Voitures à l’amiante : un décret qui fait long feu…
Fin novembre 2001 un décret voté quatre ans plus tôt par la Commission européenne s’est rappelé au souvenir du Ministère du travail et des affaires sociales.
Entré en vigueur au 1er janvier 1997, il interdit “la fabrication, la transformation, la vente, l’importation, la mise sur le marché national et la cession à quelque titre que ce soit de toutes variétés de fibres d’amiante et de tout produit en contenant”. Dans son article 7, ce décret précise, “à titre transitoire, jusqu’au 31 décembre 2001, l’interdiction de détention en vue de la vente, de mise en vente, de cession à quelque titre que ce soit ne s’applique pas aux véhicules automobiles d’occasion […], mis en circulation avant la date d’entrée en vigueur du présent décret”.

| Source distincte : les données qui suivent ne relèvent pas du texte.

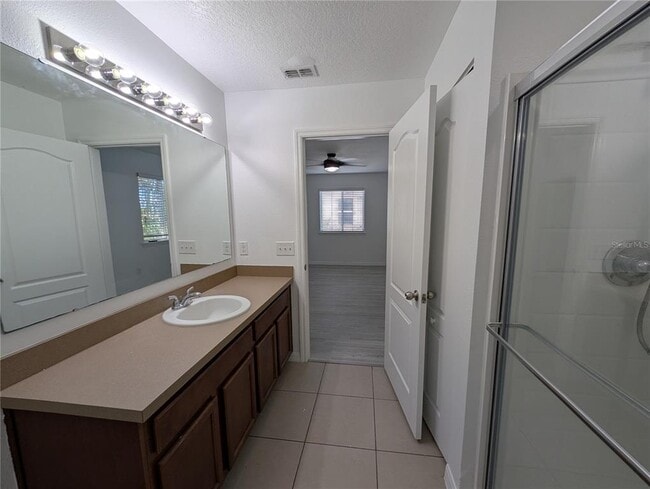 Building Photo - 2203 Chatham Pl Dr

Véritable bombe à retardement, ce décret signifie que près de 16 millions de véhicules construits avant 1997 (sur les 28 millions que compte le parc automobile français) sont potentiellement interdits à la vente sans “désamiantage” préalable. En revanche, leurs propriétaires ont tout loisir de les conserver et de les utiliser en l’état !
Un décret de nature à entraîner une chute libre du marché automobile par blocage de celui de l’occasion.
En théorie, désamianter une voiture (remplacer plaquettes de freins, garnitures d’embrayage et joint de culasse, seules pièces susceptibles d’en comporter) coûte une petite fortune (aux alentours de 1 500 e suivant les modèles). Dans la réalité, pour les plaquettes de freins qui se changent en moyenne tous les 35 000 km, le problème a déjà été réglé par leur remplacement. Pour les disques d’embrayage, qui se changent aux alentours de 150 000 km, c’est plus rarement le cas. Or, si les plaquettes peuvent, en s’usant par friction, rejeter d’infimes particules d’amiante, les embrayages, enfermés dans des carters semi-clos, posent essentiellement problème lors du démontage pour les mécaniciens. Quant aux joints de culasse, coincés entre deux épaisseurs de métal, ils ne peuvent émettre de particules nocives.
Un faux problème ?
L’amiante automobile menace d’autant moins la santé publique que l’ensemble des constructeurs ne l’utilise plus dans les plaquettes de freins, les garnitures d’embrayage ou les joints de culasse depuis 1995, voire même depuis 1982 pour les plaquettes chez Saab et depuis 1984 pour les joints de culasse et les plaquettes chez Volvo (voir tableau). Quant à la réparation indépendante, elle n’utilise plus de pièces de remplacement comportant de l’amiante depuis 1996… autant dire que le décret n’a quasiment plus de raison d’être en matière automobile !
Qui va désamianter ?
Peut-on considérer qu’il est urgent d’attendre, comme l’a conclu le législateur en repoussant au 1/1/03 l’application du décret en France ? Durant cette période, tout propriétaire d’un véhicule concerné pourra théoriquement le revendre. Mais à condition de trouver un acheteur pour un véhicule qui ne pourra être cédé sans un coûteux désamiantage passé cette date (1er janvier 2003). Entretemps, un deuxième décret aura fixé les modalités du désamiantage. Qui en sera chargé ? Répondre à cette question, c’est conclure que cette opération gagnerait à être repoussée… à la mise au rebut des voitures concernées. En effet, il y a 437 000 salariés dans le secteur de la réparation automobile répartis dans 93 000 établissements. Est-il envisageable d’équiper tous les mécaniciens de ces entreprises des coûteux moyens de protection (masques à cartouches et combinaisons) requis pour dépoussiérer un carter d’embrayage ou gratter les résidus d’un joint de culasse ? N’est-il pas plus réaliste d’en charger les 1 200 entreprises de démolition dont la vocation première est de démonter, désassembler les véhicules en fin de vie et d’en neutraliser les résidus polluants ? Une telle solution permettrait également de ne pas se demander qui fournira les certificats de désamiantage indispensables à la revente, certificats qui risqueraient de donner lieu à toutes sortes de trafics.
En tout état de cause, l’Etat devra trancher en ayant présent à l’esprit que bon nombre d’automobilistes utilisent quotidiennement des voitures en état correct, mais dont la cote ne dépasse guère 3 000 e. Leur imposer et leur faire payer un désamiantage à 750 ou 1 500 e, c’est souvent les condamner à mettre la voiture au pilon. Une situation d’autant plus ubuesque que la directive européenne laissait aux Etats membres jusqu’au 31 décembre 2004 pour sa mise en application. Un délai qui aurait pu être utilisé pour mettre en œuvre une méthode et des moyens d’action réalistes et efficaces.